▶ [Directions] If an entry below holds a picture, leave the picture out and print the rest exactly.

(Dataset excerpts)
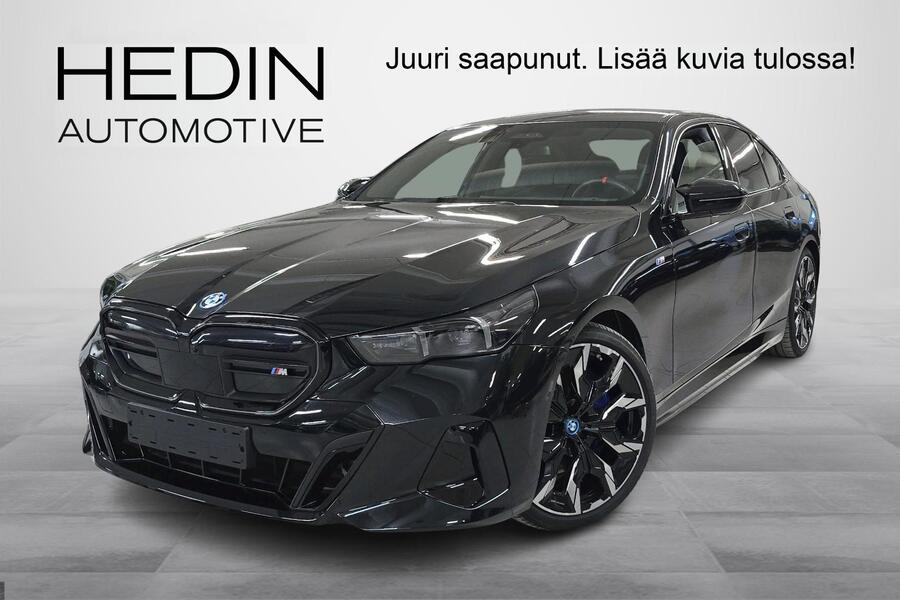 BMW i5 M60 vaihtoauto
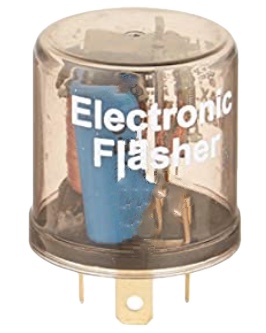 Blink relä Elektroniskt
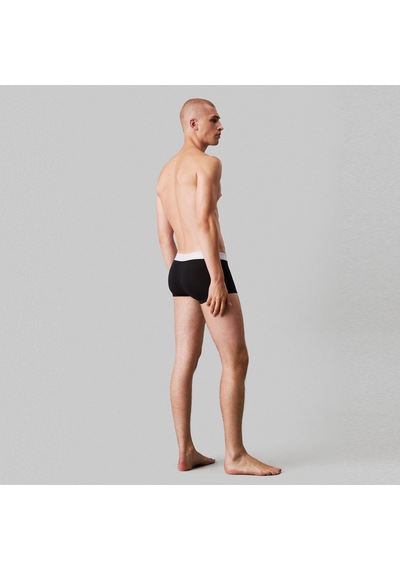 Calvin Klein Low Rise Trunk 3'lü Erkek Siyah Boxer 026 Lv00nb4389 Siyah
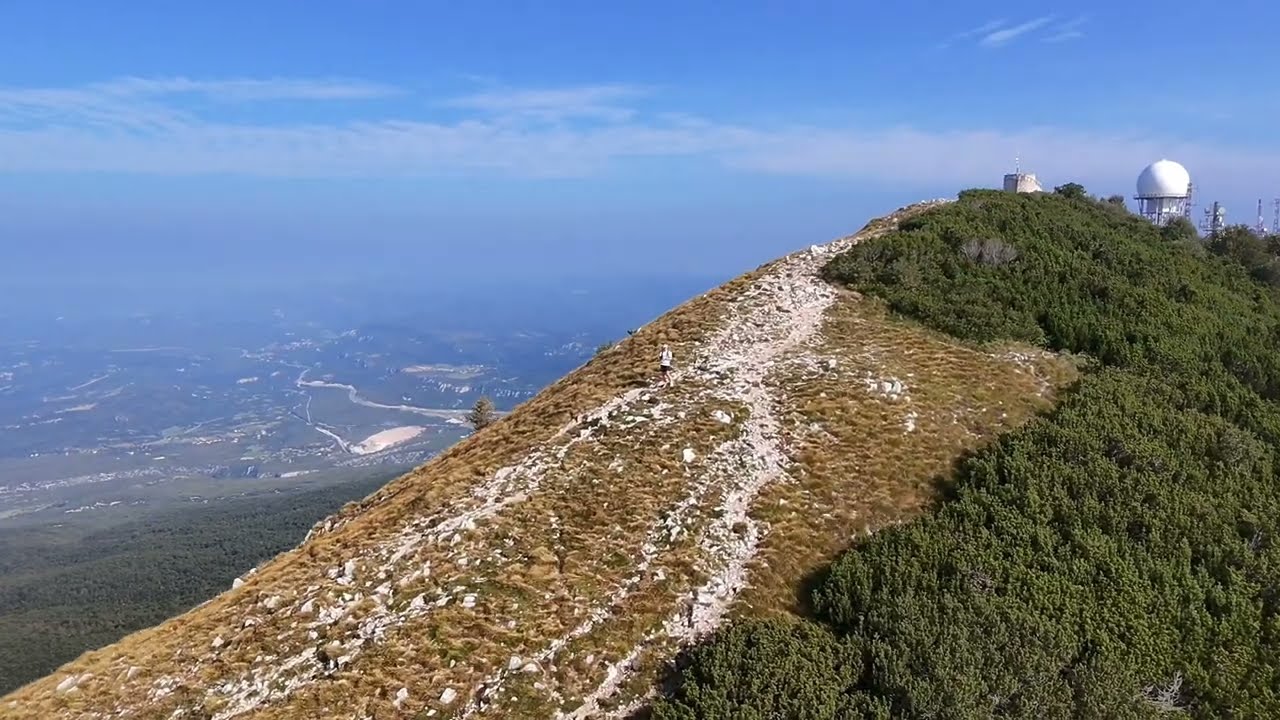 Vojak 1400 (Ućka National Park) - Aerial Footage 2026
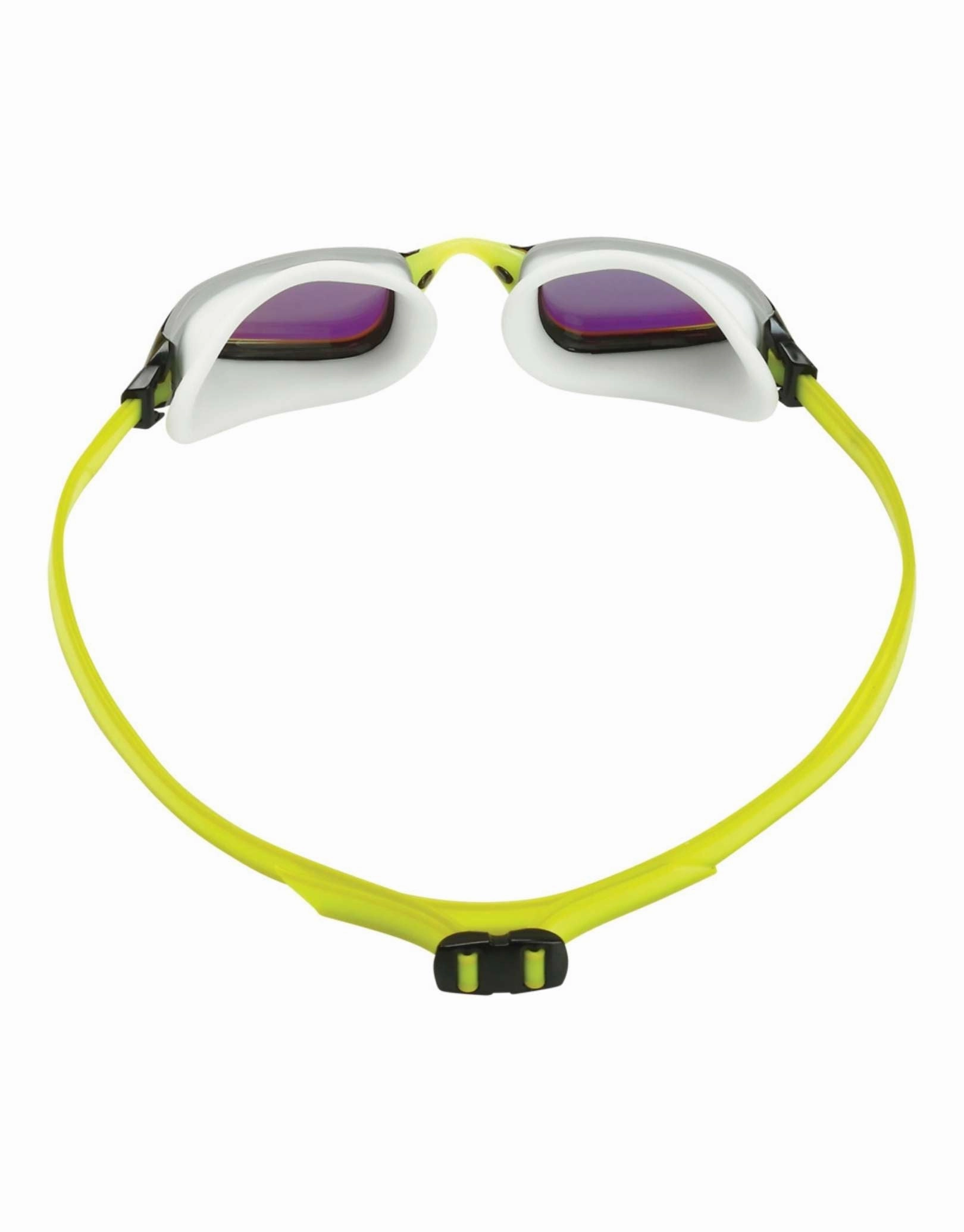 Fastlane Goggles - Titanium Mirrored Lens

▶ [Written response]
 BMW i5 M60 vaihtoauto
 Blink relä Elektroniskt
 Calvin Klein Low Rise Trunk 3'lü Erkek Siyah Boxer 026 Lv00nb4389 Siyah
 Vojak 1400 (Ućka National Park) - Aerial Footage 2026
 Fastlane Goggles - Titanium Mirrored Lens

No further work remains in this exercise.